Others make strong arguments that it's about the economy and sovereignty.

I observe that I couldn't find any pure articles containing only economic arguments for leaving. Thus, I suspect that the voices talking about economic reasons tend to be the more rational side of this debate.

Also found on the side of the discussion in favor of leaving, are charicatures of xenophobic white people written by their detractors. I have no opinion on whether this is true, who is right, and who is wrong.

I tend to notice the complexity of the discussion. Economics and immigration will always be complex/intertwined so long as you have a Welfare State. With a welfare state in place, there isn't a way to talk about immigration that doesn't include consideration for people who intend to immigrate and to contribute nothing to the society.

Even if used your imagination to remove the welfare state from the picture completely, for example by denying welfare benefits to new immigrants, the governemnt would still have a lot to figure out. For consideration: what happens to an immigrant fails to thrive? Homeless people, whether citizens or not, tend to become something the government has to deal with.

Do we expect that immigrants that left everything behind are able to stand up and trive immediately in a country where they may not speak the language? It's not likely. I can tell you for certain that my family benefitted from foodstamp programs for some part of the time my parents were trying to figure out their new life in America after fleeing a Vietnam that had recently fallen to the communists.

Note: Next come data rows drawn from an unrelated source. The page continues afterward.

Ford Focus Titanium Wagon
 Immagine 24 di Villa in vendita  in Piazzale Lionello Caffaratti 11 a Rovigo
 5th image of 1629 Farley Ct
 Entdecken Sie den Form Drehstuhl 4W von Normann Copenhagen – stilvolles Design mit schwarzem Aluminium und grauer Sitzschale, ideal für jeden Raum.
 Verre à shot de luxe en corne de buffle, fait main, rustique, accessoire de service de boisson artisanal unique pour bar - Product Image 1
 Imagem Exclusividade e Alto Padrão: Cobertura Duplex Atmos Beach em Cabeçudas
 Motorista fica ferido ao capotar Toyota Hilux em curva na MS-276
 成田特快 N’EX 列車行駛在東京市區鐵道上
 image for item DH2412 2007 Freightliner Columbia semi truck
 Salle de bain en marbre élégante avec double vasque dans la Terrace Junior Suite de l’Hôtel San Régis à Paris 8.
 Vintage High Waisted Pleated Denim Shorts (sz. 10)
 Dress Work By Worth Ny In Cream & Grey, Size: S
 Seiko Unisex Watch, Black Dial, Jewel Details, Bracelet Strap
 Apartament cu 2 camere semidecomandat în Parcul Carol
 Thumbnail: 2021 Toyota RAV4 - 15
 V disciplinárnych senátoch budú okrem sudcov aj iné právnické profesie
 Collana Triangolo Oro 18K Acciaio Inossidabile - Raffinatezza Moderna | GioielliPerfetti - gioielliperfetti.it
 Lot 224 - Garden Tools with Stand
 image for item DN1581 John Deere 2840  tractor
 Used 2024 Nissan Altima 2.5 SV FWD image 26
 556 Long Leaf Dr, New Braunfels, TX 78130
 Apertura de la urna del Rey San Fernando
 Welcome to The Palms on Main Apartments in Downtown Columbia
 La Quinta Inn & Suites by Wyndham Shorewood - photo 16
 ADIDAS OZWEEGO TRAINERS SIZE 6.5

My little thought experiment suggests to me that immigration is untetherable from economics no matter how we slice it. Because being in a country and trying to live means being an actor in the economy. But that doesn't mean that a Welfare State has no role in xenophobia. I still maintain that it makes the situation worse.

Selection for Desirable Traits

The first chapters of Ender in Exile, by Orson Scott Card include an e-mail epigraph discussing trait selection in space colonization efforts:

" history shows us, when colonization is voluntary, people will self-select better than any system.

It's like those foolish attempts to control immigration to America based on the traits that were deemed desirable, when in fact the only trait that defines Americans historically us 'descended from somebody willing to give up everything to live there'...

Willingness is the single most important test..."

Contrast that with this visual:

"Make America White Again," says the billboard of a restaurant-owner in Tenessee which lays bare the entitled attitudes of some people who don't seem to understand this: just because you were lucky enough to be born on the right bit of soil doesn't make you any more deserving to be here than a person that left everything they owned behind for a chance to live in freedom. You may have a right to be here, but whether you morally deserve it or not is up to you (and we are not impressed).

The essence of the United States of America ought to be the spirit that created it: Liberty. We couldn't have it where we were born so we came here to bring it into existence.

The people who fight tooth-and-nail to get here deserve a chance to try to make their lives work here. What if we let in anyone who wanted to come from anywhere so long as they didn't come here to be a drain? I think this would be easier if we didn't try to make the government into this entity that is supposed to take care of us all.

The government cannot simultaneously be the protector of liberty and the coercive tax-collector for handouts. Giving euphemistic names such as "social contract" and "social safety net" doesn't change the coercive nature of it. You don't pay taxes, you go to jail. You don't like the recent tax hikes? Pay for a lobbyist.

This isn't the essence of America. It is a perversion of it.

So what would be more consistent? Essentialize the government to the protection of rights and minimal administration. Move ALL of the welfare programs into private not-for-profit concerns that are voluntarily funded.

Then maybe, we would have a shot at being able to say to the world with a straight face:

“Give me your tired, your poor,
Your huddled masses yearning to breathe free,
The wretched refuse of your teeming shore.
Send these, the homeless, tempest-tossed, to me:
I lift my lamp beside the golden door.”

Try reading that aloud, by the way. They are some powerful words.